THE CONSERVATOR-RESTORERS


2012

(photograph | Durst Lambda print on Premium glossy paper | dimensions: 45 x 25 cm)

A part of my practice has been to frequently work on reflections about issues related to how history gets written and how it’s permanently reinterpreted and reappropriated. This work is placed in this thematic.

The photograph was taken in the baroque chapel of Saint John the Baptist (the saint having been chosen because of his namesake King John V of Portugal) and was lavishly built in the XVIII century from the gold coming in from colonial Brazil. The chapel was commissioned and made in Rome by the finest Roman artists, being completed and set up there in 1744 to be blessed by Pope Benedict XIV, who celebrated a mass in it. The same year, the chapel was dismounted and shipped to Lisbon, filling up three ships, to be rebuilt in its current location in the Saint Roch church.

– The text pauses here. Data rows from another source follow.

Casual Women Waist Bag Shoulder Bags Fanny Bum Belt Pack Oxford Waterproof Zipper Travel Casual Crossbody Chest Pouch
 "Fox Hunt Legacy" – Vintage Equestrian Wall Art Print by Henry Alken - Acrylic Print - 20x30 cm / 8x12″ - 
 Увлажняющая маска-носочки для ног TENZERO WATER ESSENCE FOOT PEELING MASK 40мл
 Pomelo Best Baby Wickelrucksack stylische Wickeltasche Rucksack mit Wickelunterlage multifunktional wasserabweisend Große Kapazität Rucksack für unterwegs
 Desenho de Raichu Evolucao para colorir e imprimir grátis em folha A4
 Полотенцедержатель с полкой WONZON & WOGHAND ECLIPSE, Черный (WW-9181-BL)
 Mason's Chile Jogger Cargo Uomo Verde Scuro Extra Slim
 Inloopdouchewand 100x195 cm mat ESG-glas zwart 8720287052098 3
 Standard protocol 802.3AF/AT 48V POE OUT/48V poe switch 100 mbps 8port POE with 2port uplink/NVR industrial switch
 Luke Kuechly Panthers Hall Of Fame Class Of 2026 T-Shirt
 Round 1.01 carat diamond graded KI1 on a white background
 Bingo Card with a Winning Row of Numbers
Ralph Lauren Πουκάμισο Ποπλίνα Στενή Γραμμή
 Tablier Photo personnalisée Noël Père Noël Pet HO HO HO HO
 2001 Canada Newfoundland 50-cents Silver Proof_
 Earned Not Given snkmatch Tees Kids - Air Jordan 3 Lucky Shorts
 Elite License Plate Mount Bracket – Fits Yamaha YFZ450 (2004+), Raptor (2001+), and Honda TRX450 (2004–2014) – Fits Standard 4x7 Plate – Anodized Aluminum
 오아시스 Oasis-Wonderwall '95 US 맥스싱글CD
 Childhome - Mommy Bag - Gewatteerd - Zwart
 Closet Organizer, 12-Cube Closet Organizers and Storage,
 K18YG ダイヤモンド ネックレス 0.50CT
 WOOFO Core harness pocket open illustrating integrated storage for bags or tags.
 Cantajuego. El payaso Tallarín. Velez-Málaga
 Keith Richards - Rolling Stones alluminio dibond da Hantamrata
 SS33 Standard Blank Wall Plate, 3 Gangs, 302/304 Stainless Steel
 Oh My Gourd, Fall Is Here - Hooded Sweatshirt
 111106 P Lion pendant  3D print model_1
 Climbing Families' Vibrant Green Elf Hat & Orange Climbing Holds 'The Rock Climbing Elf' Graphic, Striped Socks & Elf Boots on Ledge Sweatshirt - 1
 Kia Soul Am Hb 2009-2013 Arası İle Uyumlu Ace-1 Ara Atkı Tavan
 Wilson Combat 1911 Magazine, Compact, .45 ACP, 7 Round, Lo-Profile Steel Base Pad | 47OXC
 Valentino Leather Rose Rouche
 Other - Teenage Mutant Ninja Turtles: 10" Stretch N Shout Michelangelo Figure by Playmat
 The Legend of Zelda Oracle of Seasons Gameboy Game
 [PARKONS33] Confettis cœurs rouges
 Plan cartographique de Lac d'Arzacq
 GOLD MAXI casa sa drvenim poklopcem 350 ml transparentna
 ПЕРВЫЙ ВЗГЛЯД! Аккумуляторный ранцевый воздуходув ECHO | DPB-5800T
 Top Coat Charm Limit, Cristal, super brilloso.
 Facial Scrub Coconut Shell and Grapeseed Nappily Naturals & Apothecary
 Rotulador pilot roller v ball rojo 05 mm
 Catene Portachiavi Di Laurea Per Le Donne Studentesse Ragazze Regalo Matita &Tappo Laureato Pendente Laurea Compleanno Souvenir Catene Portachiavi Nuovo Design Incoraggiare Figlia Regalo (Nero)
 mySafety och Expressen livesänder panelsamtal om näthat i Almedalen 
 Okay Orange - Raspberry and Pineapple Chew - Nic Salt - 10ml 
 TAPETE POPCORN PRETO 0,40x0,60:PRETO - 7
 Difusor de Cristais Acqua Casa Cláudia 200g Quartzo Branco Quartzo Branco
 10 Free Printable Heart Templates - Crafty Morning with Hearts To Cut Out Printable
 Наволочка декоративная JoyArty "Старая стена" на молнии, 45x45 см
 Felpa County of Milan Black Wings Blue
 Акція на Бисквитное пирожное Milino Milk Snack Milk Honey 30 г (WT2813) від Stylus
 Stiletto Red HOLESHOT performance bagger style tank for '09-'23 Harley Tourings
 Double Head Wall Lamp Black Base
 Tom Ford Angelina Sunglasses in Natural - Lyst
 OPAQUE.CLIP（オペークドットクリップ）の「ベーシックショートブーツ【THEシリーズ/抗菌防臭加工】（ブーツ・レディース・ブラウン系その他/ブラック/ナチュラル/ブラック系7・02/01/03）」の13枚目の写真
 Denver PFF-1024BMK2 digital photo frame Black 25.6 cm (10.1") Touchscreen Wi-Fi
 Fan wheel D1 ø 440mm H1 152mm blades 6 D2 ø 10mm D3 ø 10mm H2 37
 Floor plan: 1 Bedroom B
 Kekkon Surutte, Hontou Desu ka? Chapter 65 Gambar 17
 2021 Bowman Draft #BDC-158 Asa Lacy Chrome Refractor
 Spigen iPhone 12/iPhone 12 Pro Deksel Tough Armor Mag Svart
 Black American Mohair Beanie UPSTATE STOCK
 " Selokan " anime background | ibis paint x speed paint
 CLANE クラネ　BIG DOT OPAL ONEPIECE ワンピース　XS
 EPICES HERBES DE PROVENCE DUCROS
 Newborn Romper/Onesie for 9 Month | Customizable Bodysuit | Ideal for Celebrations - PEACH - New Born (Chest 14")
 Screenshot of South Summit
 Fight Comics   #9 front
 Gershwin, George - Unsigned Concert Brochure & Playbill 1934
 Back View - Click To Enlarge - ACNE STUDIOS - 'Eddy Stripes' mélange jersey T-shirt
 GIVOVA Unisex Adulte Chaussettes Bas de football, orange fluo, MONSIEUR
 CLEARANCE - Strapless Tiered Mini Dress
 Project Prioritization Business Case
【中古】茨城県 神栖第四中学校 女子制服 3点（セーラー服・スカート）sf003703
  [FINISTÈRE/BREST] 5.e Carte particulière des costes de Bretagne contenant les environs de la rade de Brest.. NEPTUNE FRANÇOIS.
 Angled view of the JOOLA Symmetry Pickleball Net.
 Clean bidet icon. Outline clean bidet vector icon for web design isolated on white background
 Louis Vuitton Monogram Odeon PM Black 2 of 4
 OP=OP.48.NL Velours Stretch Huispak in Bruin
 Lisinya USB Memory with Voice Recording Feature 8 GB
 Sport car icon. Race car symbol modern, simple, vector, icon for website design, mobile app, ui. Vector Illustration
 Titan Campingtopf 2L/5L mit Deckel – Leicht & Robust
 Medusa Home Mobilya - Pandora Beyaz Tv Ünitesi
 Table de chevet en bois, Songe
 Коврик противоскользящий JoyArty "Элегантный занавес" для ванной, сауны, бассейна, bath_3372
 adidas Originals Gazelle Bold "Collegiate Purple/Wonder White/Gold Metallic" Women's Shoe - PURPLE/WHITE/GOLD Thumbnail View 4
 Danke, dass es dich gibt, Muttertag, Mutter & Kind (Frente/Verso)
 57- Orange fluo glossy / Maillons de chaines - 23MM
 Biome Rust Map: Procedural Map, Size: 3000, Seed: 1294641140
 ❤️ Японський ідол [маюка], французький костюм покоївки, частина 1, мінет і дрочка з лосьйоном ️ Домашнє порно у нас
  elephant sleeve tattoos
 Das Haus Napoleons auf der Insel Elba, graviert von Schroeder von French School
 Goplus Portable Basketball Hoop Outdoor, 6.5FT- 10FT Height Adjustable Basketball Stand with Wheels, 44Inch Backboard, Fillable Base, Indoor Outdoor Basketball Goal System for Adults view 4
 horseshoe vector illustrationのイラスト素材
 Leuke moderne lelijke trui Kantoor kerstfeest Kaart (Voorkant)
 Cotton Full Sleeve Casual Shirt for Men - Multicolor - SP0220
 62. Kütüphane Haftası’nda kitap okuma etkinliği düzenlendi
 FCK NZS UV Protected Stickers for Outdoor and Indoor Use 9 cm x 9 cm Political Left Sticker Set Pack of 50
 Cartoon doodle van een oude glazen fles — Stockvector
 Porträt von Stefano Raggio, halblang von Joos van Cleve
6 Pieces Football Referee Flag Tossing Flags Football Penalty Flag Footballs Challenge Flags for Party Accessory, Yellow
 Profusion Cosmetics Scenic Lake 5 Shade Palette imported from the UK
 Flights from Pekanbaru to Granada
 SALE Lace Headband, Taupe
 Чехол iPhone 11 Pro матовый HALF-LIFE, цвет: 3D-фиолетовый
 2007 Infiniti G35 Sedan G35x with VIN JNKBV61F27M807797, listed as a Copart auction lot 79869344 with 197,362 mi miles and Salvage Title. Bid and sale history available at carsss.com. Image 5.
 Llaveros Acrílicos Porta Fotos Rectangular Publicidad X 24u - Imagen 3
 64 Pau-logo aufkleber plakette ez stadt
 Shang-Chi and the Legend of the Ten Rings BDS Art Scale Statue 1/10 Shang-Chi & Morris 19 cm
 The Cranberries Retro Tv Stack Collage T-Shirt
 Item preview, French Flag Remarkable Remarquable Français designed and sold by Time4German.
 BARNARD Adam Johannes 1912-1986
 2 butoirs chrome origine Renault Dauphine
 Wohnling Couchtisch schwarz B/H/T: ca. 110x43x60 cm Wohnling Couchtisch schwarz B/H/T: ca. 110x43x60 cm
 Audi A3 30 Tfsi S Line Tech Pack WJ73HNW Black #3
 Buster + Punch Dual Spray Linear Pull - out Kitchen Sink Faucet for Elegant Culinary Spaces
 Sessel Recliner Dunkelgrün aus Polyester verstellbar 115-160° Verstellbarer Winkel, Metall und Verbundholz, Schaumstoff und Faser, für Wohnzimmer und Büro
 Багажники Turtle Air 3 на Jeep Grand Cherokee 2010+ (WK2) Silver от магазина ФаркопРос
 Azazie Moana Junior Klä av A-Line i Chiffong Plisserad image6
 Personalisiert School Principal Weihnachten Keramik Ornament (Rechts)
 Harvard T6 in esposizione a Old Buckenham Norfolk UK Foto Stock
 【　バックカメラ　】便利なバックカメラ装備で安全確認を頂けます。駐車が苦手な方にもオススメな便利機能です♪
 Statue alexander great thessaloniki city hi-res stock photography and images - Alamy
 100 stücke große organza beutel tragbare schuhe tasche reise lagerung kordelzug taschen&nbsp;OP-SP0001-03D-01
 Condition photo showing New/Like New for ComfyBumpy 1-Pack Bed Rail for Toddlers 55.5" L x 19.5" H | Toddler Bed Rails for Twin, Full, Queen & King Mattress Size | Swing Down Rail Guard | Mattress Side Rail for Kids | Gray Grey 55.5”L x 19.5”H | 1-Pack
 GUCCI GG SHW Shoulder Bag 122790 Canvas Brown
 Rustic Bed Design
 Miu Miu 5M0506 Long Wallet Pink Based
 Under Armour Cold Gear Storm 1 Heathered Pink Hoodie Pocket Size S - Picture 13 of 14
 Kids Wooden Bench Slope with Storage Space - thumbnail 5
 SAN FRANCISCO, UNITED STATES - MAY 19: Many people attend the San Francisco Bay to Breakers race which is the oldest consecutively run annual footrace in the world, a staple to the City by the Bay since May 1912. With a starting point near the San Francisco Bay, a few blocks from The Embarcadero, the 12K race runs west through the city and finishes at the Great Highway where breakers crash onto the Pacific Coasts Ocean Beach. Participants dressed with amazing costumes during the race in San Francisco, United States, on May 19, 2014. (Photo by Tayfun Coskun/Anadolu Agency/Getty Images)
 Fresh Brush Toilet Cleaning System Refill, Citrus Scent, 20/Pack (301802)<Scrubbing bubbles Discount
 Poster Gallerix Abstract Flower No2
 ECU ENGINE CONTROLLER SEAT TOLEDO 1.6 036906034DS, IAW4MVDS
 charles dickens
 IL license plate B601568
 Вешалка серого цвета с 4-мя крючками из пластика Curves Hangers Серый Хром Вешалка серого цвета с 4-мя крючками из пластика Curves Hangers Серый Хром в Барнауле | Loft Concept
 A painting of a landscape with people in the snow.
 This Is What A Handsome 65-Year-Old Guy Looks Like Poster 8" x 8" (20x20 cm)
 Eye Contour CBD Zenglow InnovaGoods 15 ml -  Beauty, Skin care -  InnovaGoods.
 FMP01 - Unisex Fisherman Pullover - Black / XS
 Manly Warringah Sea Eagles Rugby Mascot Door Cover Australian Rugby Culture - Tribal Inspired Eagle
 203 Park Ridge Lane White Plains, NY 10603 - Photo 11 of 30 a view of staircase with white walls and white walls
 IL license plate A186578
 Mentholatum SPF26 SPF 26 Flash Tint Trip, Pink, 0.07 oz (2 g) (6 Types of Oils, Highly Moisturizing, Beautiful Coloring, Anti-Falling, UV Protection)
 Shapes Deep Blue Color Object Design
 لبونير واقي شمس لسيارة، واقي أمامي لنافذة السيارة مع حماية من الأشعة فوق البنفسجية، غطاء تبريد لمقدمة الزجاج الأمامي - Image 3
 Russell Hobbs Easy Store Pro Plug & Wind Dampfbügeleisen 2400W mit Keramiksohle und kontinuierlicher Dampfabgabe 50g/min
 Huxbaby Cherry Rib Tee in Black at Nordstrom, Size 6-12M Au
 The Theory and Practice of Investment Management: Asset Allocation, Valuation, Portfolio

This chapel is a clear representation, as beautiful as it is conspicuous, of power (regal and religious). It is presently undergoing an extensive conservation work that goes this time by a new agenda focussed on the promotion of the past and of the architectural heritage, aiming at the development of tourism for economical reasons and at the identitarian affirmation of the cultural predominance of the Church in our history. Interestingly, the conservation work is actually carried out exclusively by women. This could be a sign of the increasing feminisation of society and the working world, or the sign that women are still restricted to less noticeable and more gentle kinds of work, within the canonical standard of the feminine condition, as accepted for centuries (wether by option or by lack of option, consciously or unconsciously). The title is a recognition of these unassuming “restorers”.

The scene appears quite contemporary, with plastic vessels containing chemicals, white asspetic workwear and electric spotlights, but at the same time evocative in a way of Gustave Caillebotte’s painting called "Les raboteurs de parquet". But, in that painting, only men are represented, working hard at scraping floors.